■ **MATERIAL SUPPLIED**:
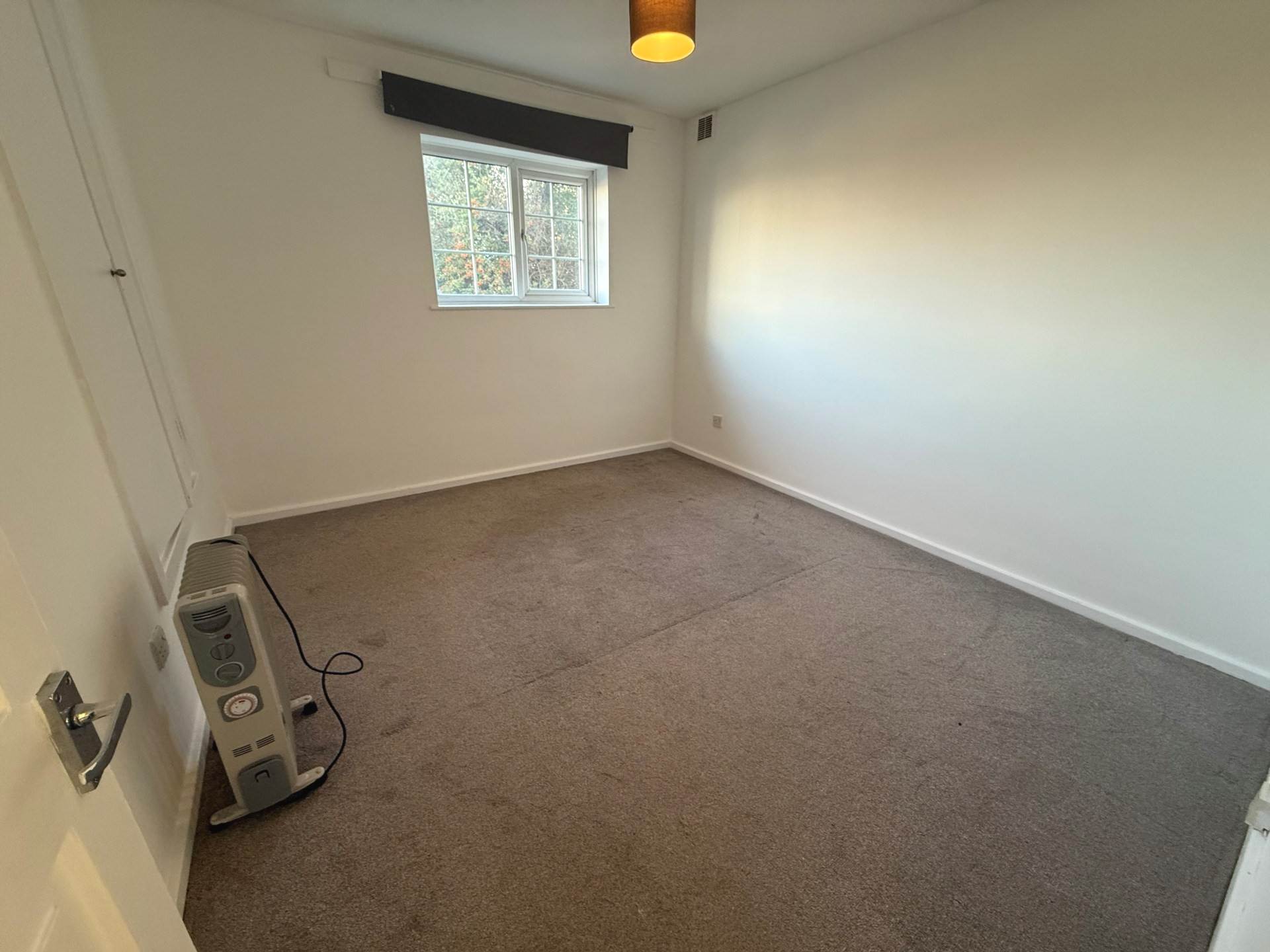 Manorside Close, London, Image 8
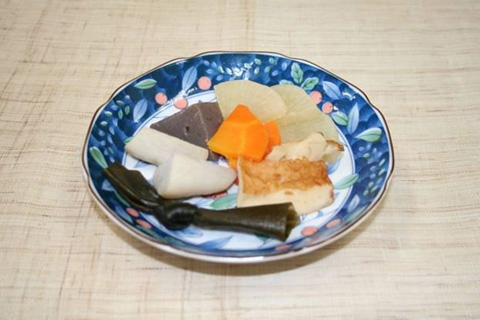 えごまがかかっている大根煮物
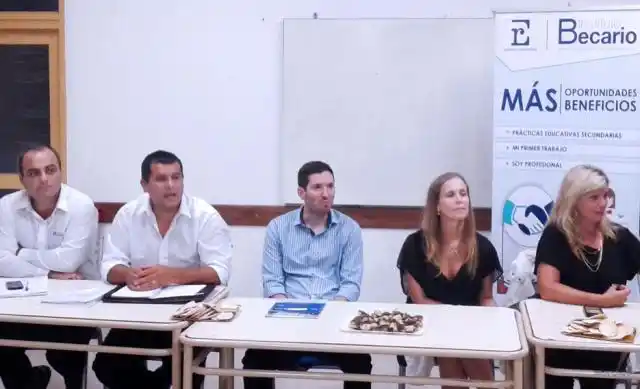 Se realizó reunión por el transporte escolar rural
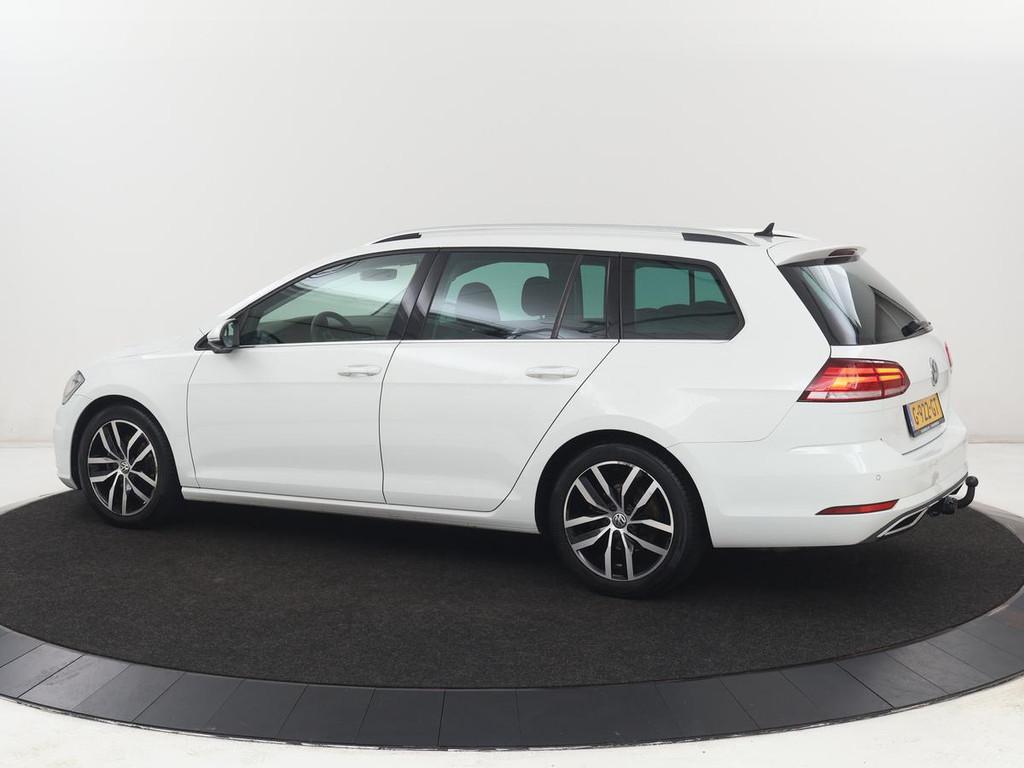 Volkswagen Golf 1.5 TSI Highline | Carplay | Full LED | Trek, Auto's, Voorwielaandrijving, 4 cilinders, 150 pk, Wit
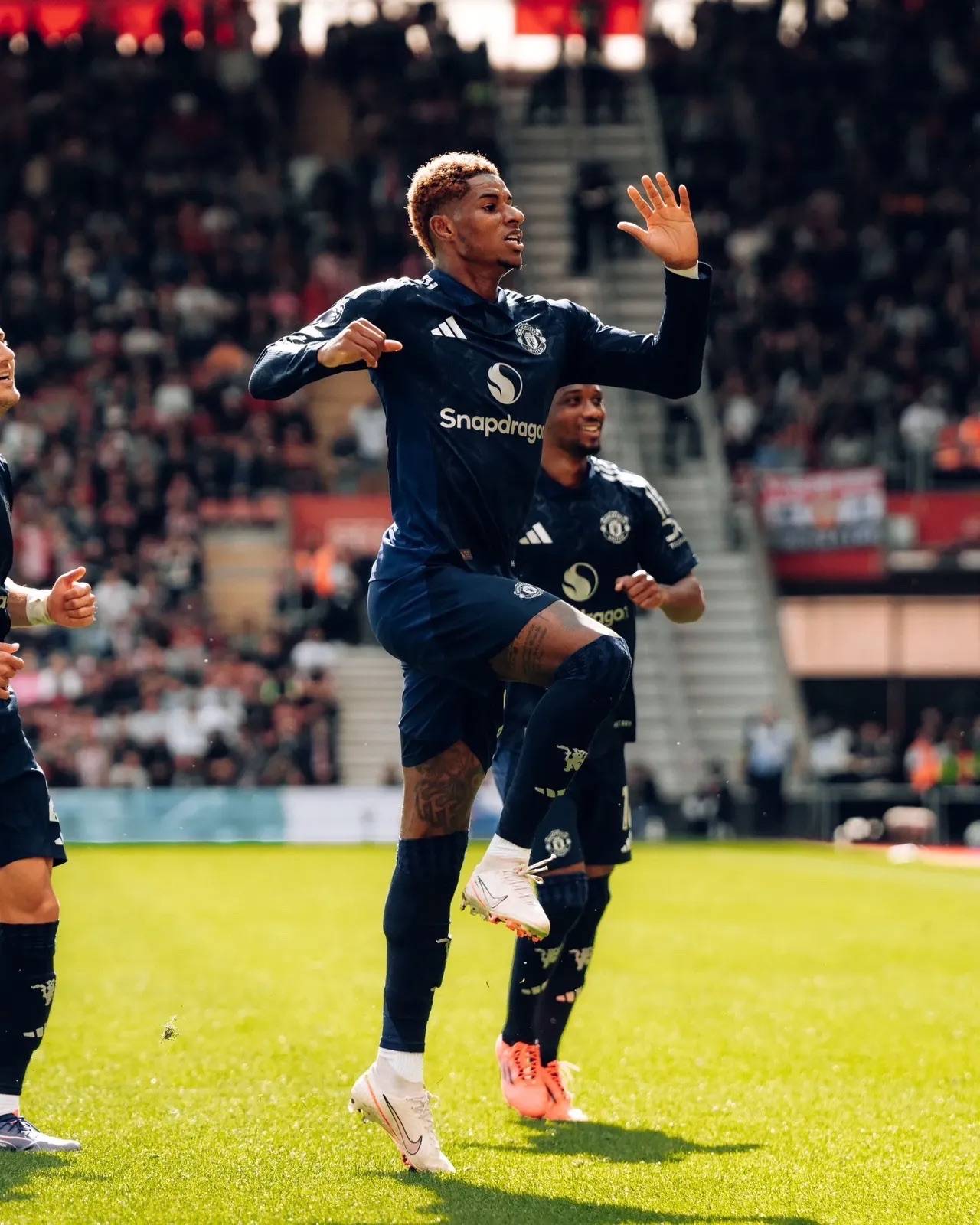 爱游戏体育下载-曼联全力备战南安普顿,力争卫冕英超冠军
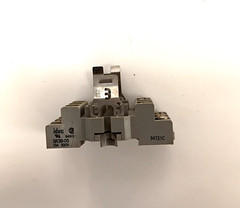 IDEC SR3B-05 RELAY SOCKET 10A 300V 11-PIN BLADE DIN RAIL MOUNT (LOT OF 12)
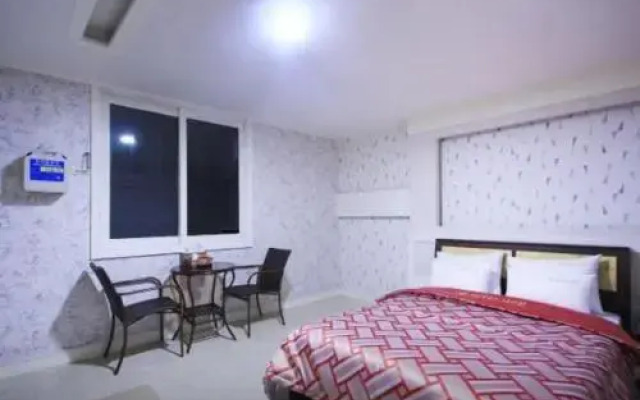 Narbone Motel
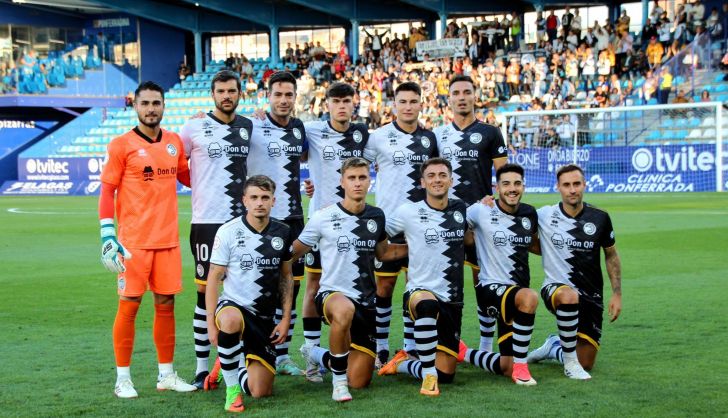 Once inicial de Unionistas en El Toralín FOTO UNIONISTAS CF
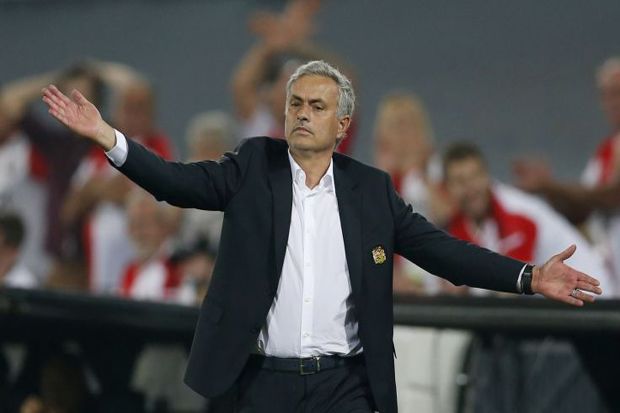 Raih Hasil Buruk, Fans Manchester United  Minta Jose Mourinho Dipecat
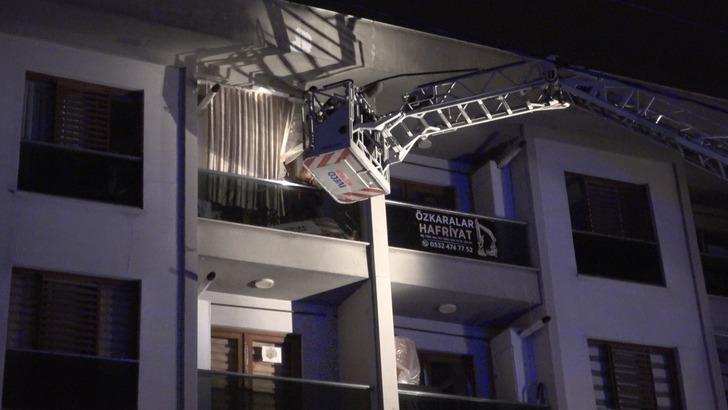 Düzce'de 4 katlı binada çıkan yangın korkuttu; 13 kişi ve 3 evcil hayvanı itfaiye kurtardı G1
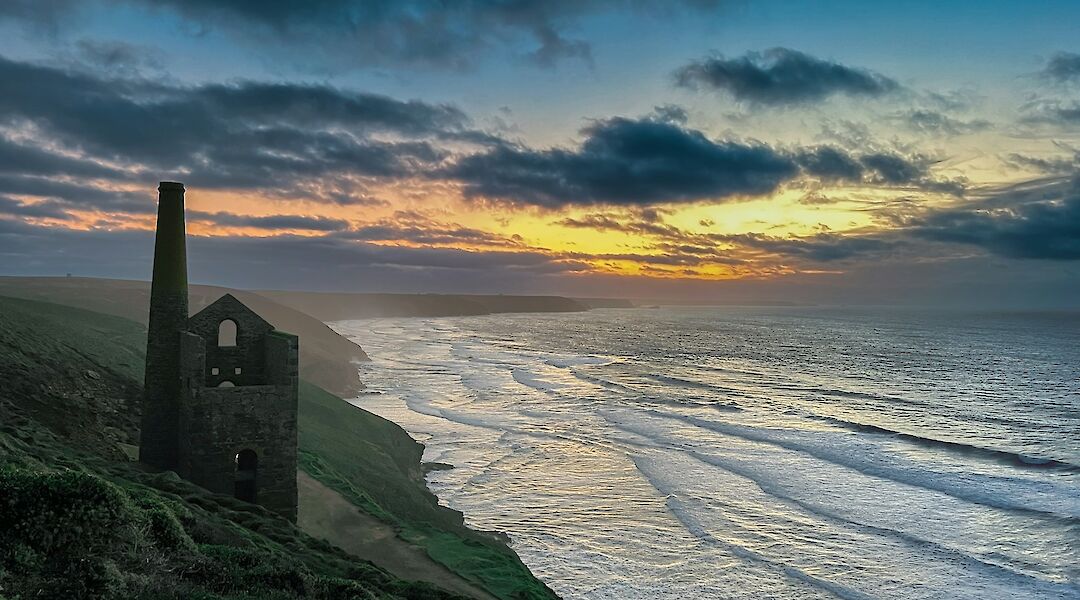 A clifftop engine house, Cornwall. unsp Dan Norris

■ **WORK INSTRUCTIONS**:
Word for word, write out the lines from the top of the records above down to the line holding "Düzce'de 4 katlı", inclusive, but not the pictures.

■ **SOLVED EXERCISE**:
 Manorside Close, London, Image 8
 えごまがかかっている大根煮物
 Se realizó reunión por el transporte escolar rural
 Volkswagen Golf 1.5 TSI Highline | Carplay | Full LED | Trek, Auto's, Voorwielaandrijving, 4 cilinders, 150 pk, Wit
 爱游戏体育下载-曼联全力备战南安普顿,力争卫冕英超冠军
 IDEC SR3B-05 RELAY SOCKET 10A 300V 11-PIN BLADE DIN RAIL MOUNT (LOT OF 12)
 Narbone Motel
 Once inicial de Unionistas en El Toralín FOTO UNIONISTAS CF
 Raih Hasil Buruk, Fans Manchester United  Minta Jose Mourinho Dipecat
 Düzce'de 4 katlı binada çıkan yangın korkuttu; 13 kişi ve 3 evcil hayvanı itfaiye kurtardı G1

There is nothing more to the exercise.